A question on probability involving Binomial distribution

Question

First I will state the problem.

A chicken lays $n$ eggs. Each egg independently does or doesn’t hatch, with probability $p$ of hatching. For each egg that hatches, the chick does or doesn’t survive (independently of the other eggs), with probability $s$ of survival. Let $N\sim \text{Bin}(n,p)$ be the number of eggs which hatch, $X$ be the number of chicks which survive, and $Y$ be the number of chicks which hatch but don’t survive (so $X+Y =N$).
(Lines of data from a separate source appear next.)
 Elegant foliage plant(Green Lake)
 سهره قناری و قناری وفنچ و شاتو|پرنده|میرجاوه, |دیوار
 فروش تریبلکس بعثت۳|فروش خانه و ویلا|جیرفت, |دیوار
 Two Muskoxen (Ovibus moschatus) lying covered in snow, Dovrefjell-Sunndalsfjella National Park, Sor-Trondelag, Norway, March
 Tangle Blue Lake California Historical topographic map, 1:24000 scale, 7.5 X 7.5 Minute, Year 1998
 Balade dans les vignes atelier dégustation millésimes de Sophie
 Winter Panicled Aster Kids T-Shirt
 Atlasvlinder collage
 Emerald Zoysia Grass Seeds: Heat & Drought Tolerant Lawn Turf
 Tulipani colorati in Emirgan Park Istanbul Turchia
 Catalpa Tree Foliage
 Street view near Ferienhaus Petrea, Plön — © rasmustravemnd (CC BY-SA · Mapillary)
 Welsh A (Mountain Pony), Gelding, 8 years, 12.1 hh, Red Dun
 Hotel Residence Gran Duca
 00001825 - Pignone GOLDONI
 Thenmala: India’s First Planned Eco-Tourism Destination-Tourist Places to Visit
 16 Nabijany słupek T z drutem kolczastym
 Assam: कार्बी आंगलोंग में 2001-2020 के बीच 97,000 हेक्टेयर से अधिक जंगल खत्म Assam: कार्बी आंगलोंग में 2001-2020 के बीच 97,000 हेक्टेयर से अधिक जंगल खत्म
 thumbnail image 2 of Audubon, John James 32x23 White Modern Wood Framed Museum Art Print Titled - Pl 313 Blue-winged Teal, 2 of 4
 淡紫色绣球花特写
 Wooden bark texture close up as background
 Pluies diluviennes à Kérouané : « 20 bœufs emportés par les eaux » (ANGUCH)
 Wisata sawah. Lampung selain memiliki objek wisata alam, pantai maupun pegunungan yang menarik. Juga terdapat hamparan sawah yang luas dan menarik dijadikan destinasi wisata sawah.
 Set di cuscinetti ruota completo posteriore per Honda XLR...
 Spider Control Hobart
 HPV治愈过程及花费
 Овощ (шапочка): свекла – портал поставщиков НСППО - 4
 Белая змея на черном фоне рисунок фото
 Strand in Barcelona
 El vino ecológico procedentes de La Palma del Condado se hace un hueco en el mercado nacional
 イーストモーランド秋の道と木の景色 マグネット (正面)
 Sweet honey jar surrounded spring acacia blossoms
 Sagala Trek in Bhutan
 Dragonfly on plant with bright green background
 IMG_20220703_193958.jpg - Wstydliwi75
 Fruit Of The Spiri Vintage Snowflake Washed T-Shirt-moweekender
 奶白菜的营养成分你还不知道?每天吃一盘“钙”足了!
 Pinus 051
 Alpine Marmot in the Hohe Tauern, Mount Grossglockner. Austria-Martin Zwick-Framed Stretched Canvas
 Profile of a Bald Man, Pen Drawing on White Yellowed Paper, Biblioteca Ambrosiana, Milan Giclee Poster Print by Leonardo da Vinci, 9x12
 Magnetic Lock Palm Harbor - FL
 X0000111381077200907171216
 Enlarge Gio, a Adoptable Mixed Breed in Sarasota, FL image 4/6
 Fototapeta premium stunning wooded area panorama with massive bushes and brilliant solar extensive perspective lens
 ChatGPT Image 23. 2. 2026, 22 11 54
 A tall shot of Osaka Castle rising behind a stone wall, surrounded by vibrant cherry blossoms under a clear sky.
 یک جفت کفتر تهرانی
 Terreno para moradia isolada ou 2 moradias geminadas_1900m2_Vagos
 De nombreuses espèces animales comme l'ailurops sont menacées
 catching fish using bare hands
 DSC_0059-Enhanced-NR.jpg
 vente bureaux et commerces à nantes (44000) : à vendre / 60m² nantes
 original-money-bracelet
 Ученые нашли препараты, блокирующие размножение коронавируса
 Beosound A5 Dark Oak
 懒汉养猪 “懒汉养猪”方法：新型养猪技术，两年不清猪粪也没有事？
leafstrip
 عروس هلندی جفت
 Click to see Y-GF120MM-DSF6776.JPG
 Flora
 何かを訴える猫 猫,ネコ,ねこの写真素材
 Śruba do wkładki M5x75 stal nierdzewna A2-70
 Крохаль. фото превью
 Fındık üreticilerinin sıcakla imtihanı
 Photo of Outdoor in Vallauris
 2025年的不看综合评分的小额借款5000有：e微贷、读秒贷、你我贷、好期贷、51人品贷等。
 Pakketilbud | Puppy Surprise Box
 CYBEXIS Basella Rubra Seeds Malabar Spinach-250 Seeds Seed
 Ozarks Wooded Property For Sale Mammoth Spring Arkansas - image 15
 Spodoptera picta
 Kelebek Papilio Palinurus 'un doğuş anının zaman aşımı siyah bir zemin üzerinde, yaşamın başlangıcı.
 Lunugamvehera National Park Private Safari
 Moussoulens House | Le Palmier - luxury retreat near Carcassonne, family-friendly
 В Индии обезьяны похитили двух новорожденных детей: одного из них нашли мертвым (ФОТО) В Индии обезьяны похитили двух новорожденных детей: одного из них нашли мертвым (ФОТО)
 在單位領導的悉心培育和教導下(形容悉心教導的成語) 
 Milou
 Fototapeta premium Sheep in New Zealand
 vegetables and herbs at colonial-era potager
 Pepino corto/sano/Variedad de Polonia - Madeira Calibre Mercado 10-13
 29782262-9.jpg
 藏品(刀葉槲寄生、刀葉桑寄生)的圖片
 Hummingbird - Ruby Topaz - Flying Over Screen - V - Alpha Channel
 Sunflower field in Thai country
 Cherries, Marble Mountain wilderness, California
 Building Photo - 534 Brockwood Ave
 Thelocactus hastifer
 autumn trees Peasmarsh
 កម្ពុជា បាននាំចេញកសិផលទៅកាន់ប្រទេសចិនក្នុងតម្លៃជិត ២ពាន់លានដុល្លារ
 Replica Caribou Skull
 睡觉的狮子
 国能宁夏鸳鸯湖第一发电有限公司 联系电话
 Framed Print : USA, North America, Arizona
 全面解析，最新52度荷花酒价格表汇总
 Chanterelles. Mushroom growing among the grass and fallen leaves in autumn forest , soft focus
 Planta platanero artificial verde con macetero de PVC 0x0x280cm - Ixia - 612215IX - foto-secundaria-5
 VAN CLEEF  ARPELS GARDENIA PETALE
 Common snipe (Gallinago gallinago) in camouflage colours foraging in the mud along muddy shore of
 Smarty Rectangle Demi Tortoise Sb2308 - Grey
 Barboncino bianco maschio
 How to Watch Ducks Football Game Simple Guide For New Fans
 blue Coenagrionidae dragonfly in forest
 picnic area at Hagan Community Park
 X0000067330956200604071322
Find the marginal PMF of $X$.

Intuitively, the probability that a egg hatches and chick survives is $ps$. We can consider each egg as a Bernoulli trial each with a success (hatching and surviving) probability $ps$. There are $n$ independent trials, so $X\sim \text{Bin}(n,ps)$.

But I am trying to prove this more rigorously.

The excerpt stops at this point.